[8.15 クラセンU-15 C組第2節 FC LAVIDA 1-0 宇治FC Jrユース 小樽A]
リズムを掴めない難しい一戦でキャプテンが勝利をもたらした。FC LAVIDA(関東/埼玉)のMF水野咲翔(3年)が値千金のゴールで決勝点を記録。チームはグループリーグ突破を決めた。
初戦を勝利して迎えた今節はボール保持時になかなか前進できず、相手の勢いにも呑まれて苦戦。ゴール前のシーンが少ない一戦となった。それでも後半14分、MF小野郁真(3年)からの浮き球をペナルティエリア内中央で収めた水野がゴールに流し込んで先制点を奪った。右サイドハーフで出場している水野は中への動きをするように指示を受けていたといい、ベンチが求めた動きで得点してみせた。

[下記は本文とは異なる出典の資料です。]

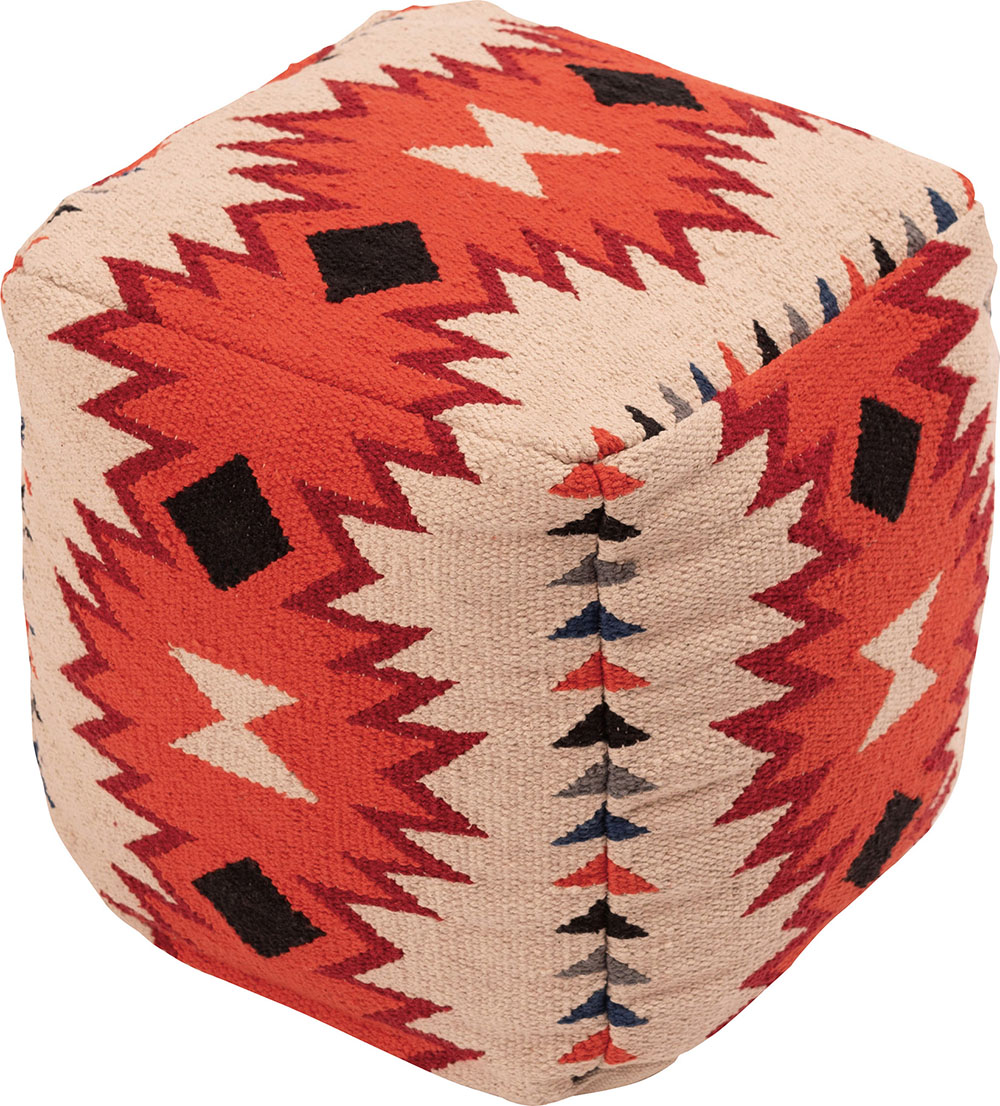 キリムスツール/　スツール キリム ビーズクッション クッション キリムスツール コットン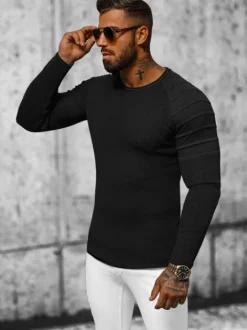 New Herren Pullover L/2500 Herren Strickpullover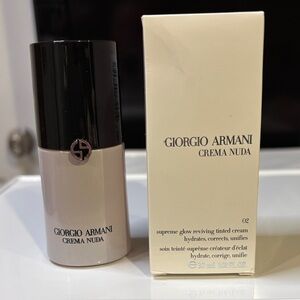 Giorgio Armani Crema Nuda Tinted Cream 02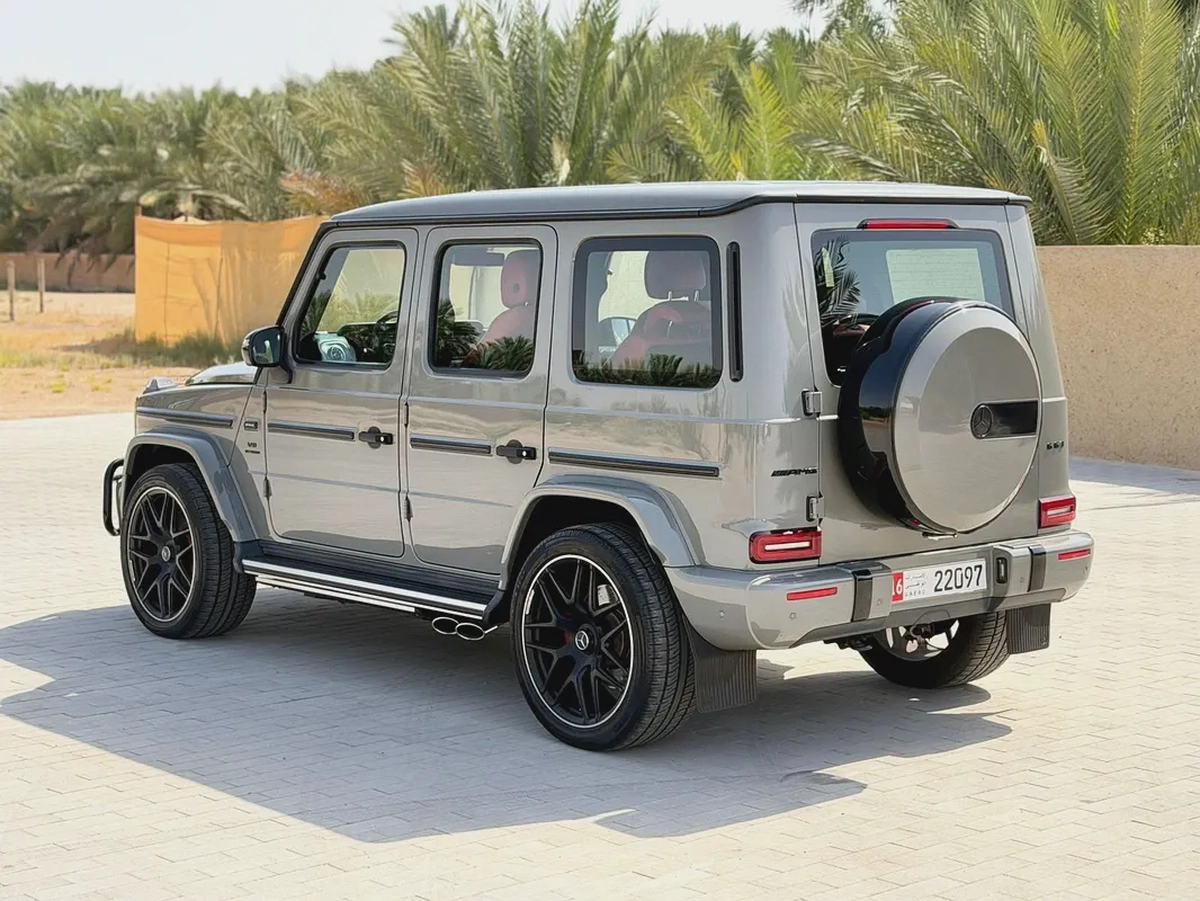 Mercedes-Benz G-Class G 63 AMG | GCC 2023 مرسيدس جي 63 موديل ٢٠٢٣ خليجية تحت الضمان-1-1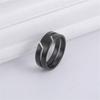 Cazador Minimlist Stainless Steel Rings for Men Women Couple Jewelry Finger Ring Engagement Anniversary Gift 2026 Aesthetic New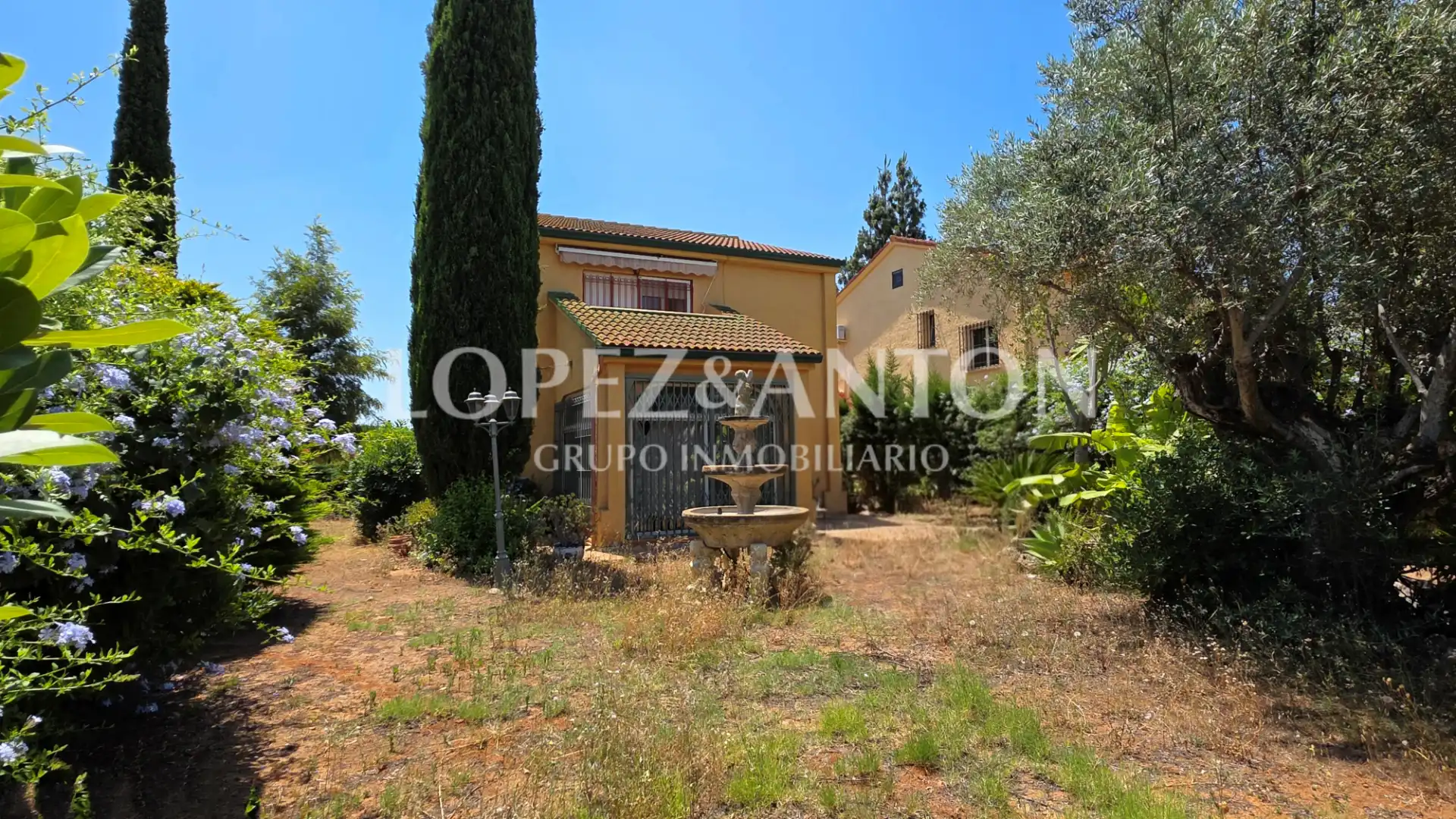 Jardín de Casa o chalet en venta en San Antonio de Benagéber con Aire acondicionado, Calefacción y Jardín privado
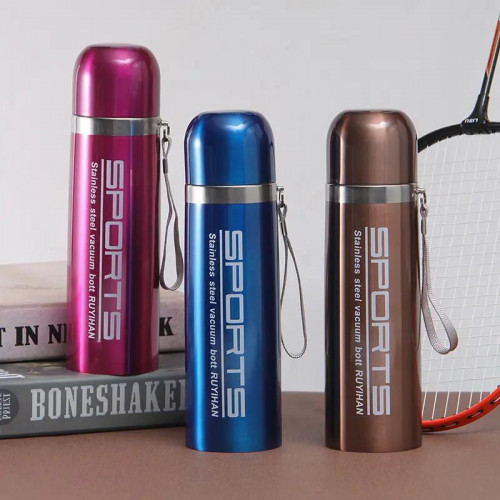 Sports model steel flask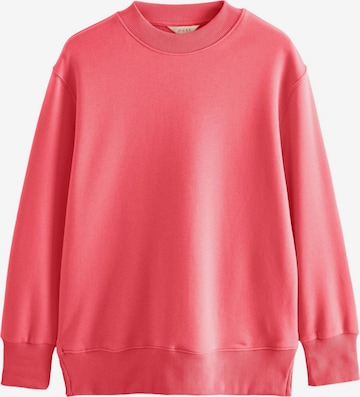 Sweat-shirt Next en rose : devant
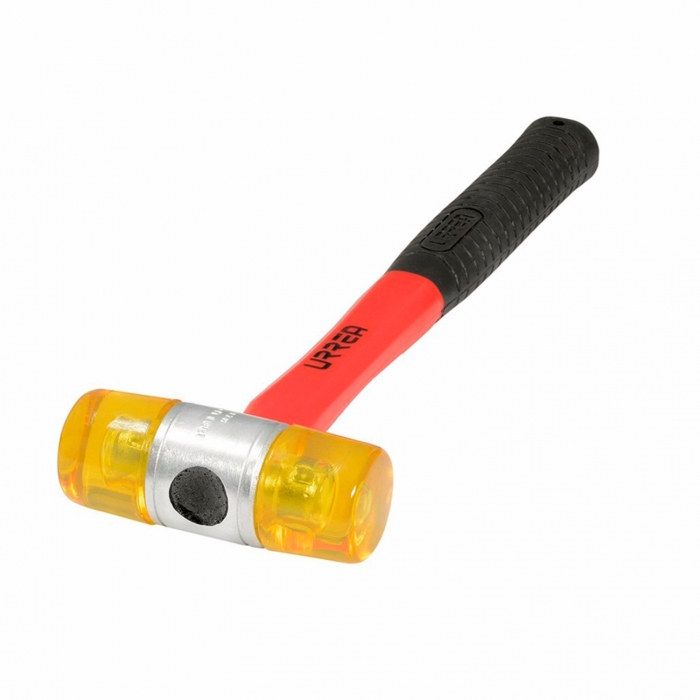MARTILLO URREA 1383FV TAPAS PL&Aacute;STICAS 13 OZ MANGO FIBRA DE VIDRIO  image number null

「シュートは緊張したけれどもう気持ちで打った感じ。結構きつい流れだったけれど、チームの役に立てて良かった」と水野。2-0で勝利した初戦では3本のシュートを放つもノーゴールだっため、2戦目での今大会初得点に安堵しながらここからの量産に意欲を見せた。

今季は自ら手を挙げてキャプテンに就任している。前任のFWオツコロ海桜(現昌平高1年)は抜群の個の力で得点を重ねて、世代別代表にも入ったエース。前回大会では得点ランキング2位タイの 8得点を記録し、チーム最高成績の準優勝に大きく貢献していた。そうした先輩から引き継いだ腕章を巻いてプレーする中、水野は「すごくチームを引っ張ってみんなへの影響力のある人だったので、自分もそうなれるように頑張っている」と力を込めた。
リーグ戦では開幕5試合で3敗を喫する苦しい時期も過ごしたが、水野が前向きな声を掛けてチームをまとめ上げ、関東クラブユース選手権では4連覇となる優勝を達成。「リーグでは上手くいかなかったけれど、(関東CYで)勝利を積み重ねて優勝できたのはめちゃくちゃ自信になった」。選手同士の仲も良く、練習中に互いに言い合える関係性のチームが調子を上げて今大会に臨んでいる。
首位通過がかかる16日のGL最終節を終えると、いよいよ一発勝負の決勝トーナメントが幕を開ける。水野は昨年の準優勝を超える日本一を目指す上で、積極的にボールに関わってチームにリズムをもたらしていく考え。「今日みたいに難しいゲームが多くなると思うけれど、みんなで声を掛け合って前に前にとプレーしてゴールに向かっていければ」と意気込んだ。